### PROBLEM REQUIREMENTS
Where a line below holds the string "High", copy that line.

### TASK DATA
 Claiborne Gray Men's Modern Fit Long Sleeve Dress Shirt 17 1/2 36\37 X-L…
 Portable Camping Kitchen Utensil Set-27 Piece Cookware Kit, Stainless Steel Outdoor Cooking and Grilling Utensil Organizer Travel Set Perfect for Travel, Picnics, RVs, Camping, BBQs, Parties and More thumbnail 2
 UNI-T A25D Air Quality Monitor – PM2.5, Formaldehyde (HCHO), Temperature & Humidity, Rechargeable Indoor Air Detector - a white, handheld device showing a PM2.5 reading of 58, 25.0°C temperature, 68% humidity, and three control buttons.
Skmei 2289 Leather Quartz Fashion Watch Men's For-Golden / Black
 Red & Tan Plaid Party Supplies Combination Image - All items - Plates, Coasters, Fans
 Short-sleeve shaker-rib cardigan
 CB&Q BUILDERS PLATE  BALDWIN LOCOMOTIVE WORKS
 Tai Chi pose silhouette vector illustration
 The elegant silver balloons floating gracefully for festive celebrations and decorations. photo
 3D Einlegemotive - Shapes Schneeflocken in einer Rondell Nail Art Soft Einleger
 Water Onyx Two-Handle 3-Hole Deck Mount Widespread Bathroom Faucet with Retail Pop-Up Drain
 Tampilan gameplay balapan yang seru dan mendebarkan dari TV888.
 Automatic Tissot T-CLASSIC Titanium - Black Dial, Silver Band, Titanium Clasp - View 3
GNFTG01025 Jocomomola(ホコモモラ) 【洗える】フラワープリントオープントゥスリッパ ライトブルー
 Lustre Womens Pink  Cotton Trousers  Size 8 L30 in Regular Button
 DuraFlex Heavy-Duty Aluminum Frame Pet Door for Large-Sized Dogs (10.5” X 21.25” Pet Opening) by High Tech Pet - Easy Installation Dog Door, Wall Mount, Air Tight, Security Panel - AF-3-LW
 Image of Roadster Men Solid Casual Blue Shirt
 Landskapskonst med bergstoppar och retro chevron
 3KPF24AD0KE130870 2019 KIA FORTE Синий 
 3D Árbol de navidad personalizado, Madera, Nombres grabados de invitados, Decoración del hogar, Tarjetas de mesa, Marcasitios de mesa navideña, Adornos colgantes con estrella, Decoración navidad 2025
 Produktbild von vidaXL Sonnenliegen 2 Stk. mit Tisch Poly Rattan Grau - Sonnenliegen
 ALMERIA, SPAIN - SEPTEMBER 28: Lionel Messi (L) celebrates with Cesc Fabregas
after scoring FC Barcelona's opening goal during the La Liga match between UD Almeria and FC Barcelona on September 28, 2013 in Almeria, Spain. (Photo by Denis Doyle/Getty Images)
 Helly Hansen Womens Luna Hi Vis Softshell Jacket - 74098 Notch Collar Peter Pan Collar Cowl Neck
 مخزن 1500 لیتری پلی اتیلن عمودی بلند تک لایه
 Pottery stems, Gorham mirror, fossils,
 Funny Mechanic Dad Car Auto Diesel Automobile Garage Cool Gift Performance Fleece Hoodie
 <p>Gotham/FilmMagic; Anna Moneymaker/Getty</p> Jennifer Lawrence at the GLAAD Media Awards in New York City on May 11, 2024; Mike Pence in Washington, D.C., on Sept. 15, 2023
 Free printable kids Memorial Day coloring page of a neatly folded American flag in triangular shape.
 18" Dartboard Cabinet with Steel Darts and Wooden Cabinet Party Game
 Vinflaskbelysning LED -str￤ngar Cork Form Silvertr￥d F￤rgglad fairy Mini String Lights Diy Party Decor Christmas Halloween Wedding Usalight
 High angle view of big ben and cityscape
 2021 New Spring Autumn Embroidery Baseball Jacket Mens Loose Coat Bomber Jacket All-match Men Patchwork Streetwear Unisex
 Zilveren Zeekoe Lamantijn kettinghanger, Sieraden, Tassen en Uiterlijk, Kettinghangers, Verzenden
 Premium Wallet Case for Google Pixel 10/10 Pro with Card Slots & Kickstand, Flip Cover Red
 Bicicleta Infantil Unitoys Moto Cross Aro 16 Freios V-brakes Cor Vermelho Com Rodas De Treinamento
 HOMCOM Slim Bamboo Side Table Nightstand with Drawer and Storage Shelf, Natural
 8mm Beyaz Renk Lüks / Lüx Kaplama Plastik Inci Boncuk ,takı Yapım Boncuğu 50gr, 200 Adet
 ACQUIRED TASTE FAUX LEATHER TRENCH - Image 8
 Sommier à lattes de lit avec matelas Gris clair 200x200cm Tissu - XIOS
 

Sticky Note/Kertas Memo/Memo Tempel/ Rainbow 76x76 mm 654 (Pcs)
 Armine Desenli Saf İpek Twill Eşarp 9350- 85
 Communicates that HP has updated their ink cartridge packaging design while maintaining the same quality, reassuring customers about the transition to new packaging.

### ANSWER BOX
 DuraFlex Heavy-Duty Aluminum Frame Pet Door for Large-Sized Dogs (10.5” X 21.25” Pet Opening) by High Tech Pet - Easy Installation Dog Door, Wall Mount, Air Tight, Security Panel - AF-3-LW
 High angle view of big ben and cityscape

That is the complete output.